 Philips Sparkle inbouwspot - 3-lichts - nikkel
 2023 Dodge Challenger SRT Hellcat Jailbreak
* * *
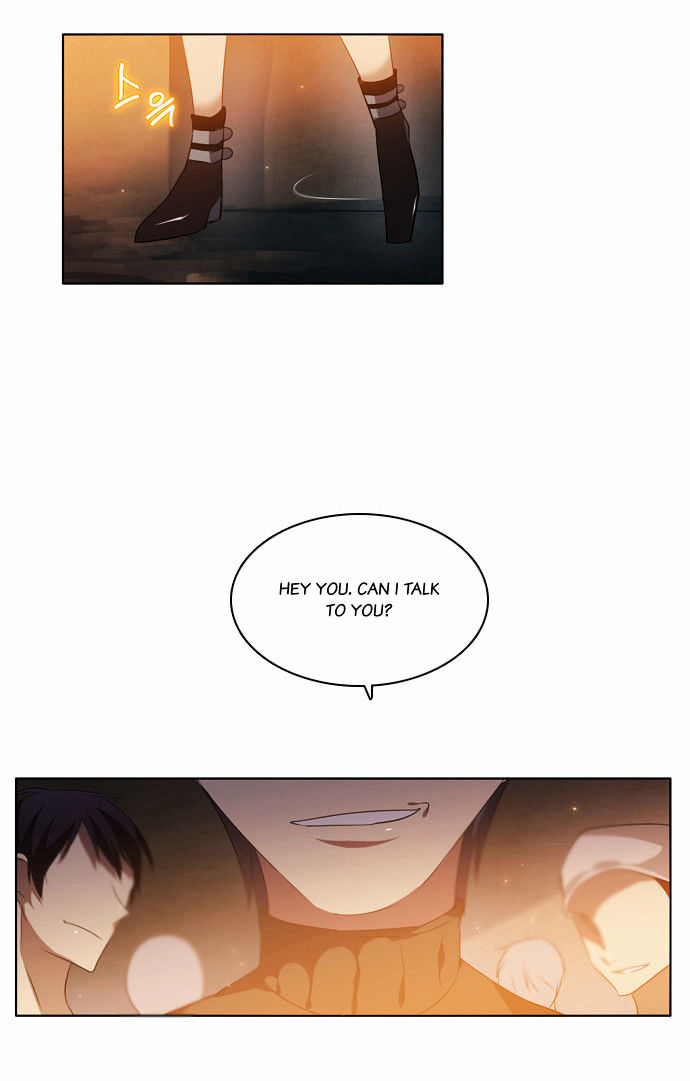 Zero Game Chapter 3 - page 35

• _Action item_
In the listing above, find the line with "Philips Sparkle inbouwspot" and the line with "2023 Dodge Challenger SRT Hellcat Jailbreak". Output those two lines and every line between them, exactly as written.

• _Task response_
 Philips Sparkle inbouwspot - 3-lichts - nikkel
 2023 Dodge Challenger SRT Hellcat Jailbreak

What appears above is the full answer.